Fifteen years after the Constitution mandated a Procurement Commission and 13 years after the Procurement Act during which oversight under successive PPP/C Administrations was troublingly inadequate, the first Commission was appointed by President Granger in 2016, comprising the persons identified above. Mrs. Carol Corbin gave up a secure position at the CARICOM Secretariat and, supported by a team that met all the Constitution requirements, began discharging their constitutional duties. Commencing with no fixed place of abode, the Commission’s legacy includes strengthening Guyana’s entire public procurement framework and establishing proper rules of procedure, work that demonstrated the transformative potential of competent constitutional oversight.

The current Commission, headed by Ms. Chase and Vice-chair Berkley Wickham, a former Head of the National Procurement and Tender Administration (NPTAB), represents this standard’s complete antithesis. NPTAB was the subject of adverse criticisms during Mr. Wickham’s tenure there.

Egregious conflicts

At the centre of this institutional failure lies an extraordinary conflict of interest that spans both the Procurement and the Information Commissions. Ms. Chase continues to engage in private legal practice despite holding a full-time constitutional post, most troublingly serving as legal counsel for the Commissioner of Information in both his official and personal capacity. This interlocking relationship creates obvious consequences for the independence and effectiveness of both bodies, even if they were otherwise operating competently.

Under the Access to Information Act, the Commissioner exercises certain functions over the PPC. Without compromising both offices, the Chairperson cannot act as legal counsel for the very official to whom her Commission is answerable in a statutory relationship. Indeed, the PPC is also subject to the Commission of Information, exacerbating the conflicts and effectively neutering both institutions’ capacity to meet their intended purposes.

Ms. Chase’s position seems irretrievably egregious. Her relationship with Ramson appears to breach the PPC’s Code and the Code of Conduct under the Legal Practitioners Act, which prohibits attorneys from engaging in behaviour that undermines the dignity of the profession or the administration of justice.

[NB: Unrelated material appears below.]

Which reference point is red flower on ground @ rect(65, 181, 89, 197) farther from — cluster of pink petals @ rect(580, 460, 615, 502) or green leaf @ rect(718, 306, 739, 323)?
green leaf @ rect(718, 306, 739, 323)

This raises serious doubts about the judgment of both these senior lawyers.

Performance

The investigative record of the current PPC in its first year is equally indefensible. Only two of the ten complaints noted in its first-year report tabled in the National Assembly seem to have been satisfactorily concluded. The procedures for one were not followed, and there was no evidence of procedures being followed in another. Two were awaiting further information, and four were stalled pending the receipt of legal advice. Not only was the advice received several weeks before the end of the reporting period, but it was also months before the report’s submission date.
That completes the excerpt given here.